Skipping all pictures, please restate word for word the lines from the one that contains "Disney Inspired Mickey" through the last line of the entries.

Start of PROVIDED ENTRIES

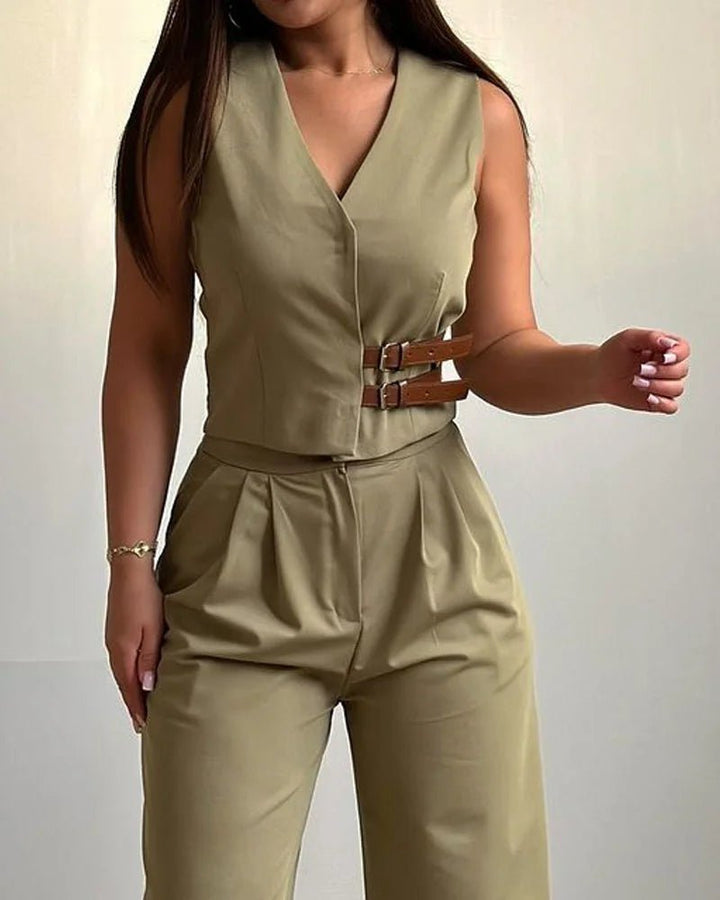 KALI V - Neck Vest & Pants Two - Piece Set - Auraflows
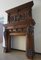 19th Century Château Solid Carved Oak Fireplace & Overmantel 8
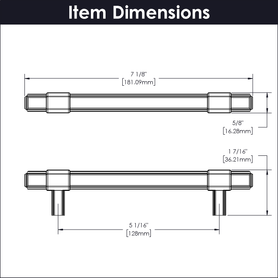 Monroe Collection Pull 5-1/16'' cc Satin Nickel Finish B076900-SN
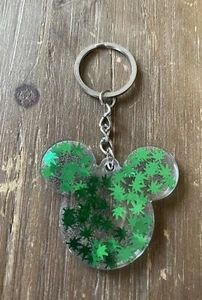 Disney Inspired Mickey Mouse Head Resin Keychain Cannabis Leaves 2” - Picture 1 of 4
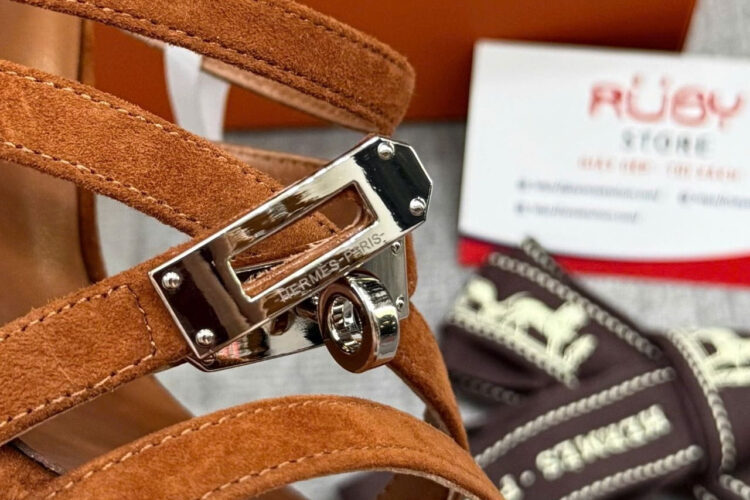 Giày Cao Gót Hermes Lipstick 105 Sandal Brown Màu Nâu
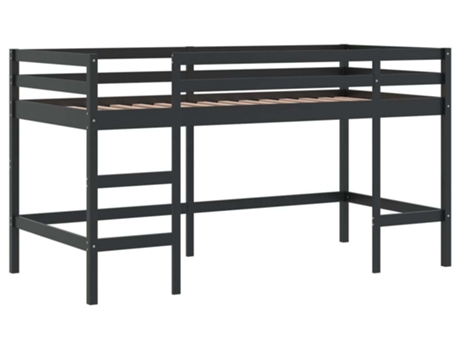 Cama alta de niños escalera VIDAXL madera maciza pino blanco (80x200cm)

End of PROVIDED ENTRIES

__ANSWER SECTION__:
 Disney Inspired Mickey Mouse Head Resin Keychain Cannabis Leaves 2” - Picture 1 of 4
 Giày Cao Gót Hermes Lipstick 105 Sandal Brown Màu Nâu
 Cama alta de niños escalera VIDAXL madera maciza pino blanco (80x200cm)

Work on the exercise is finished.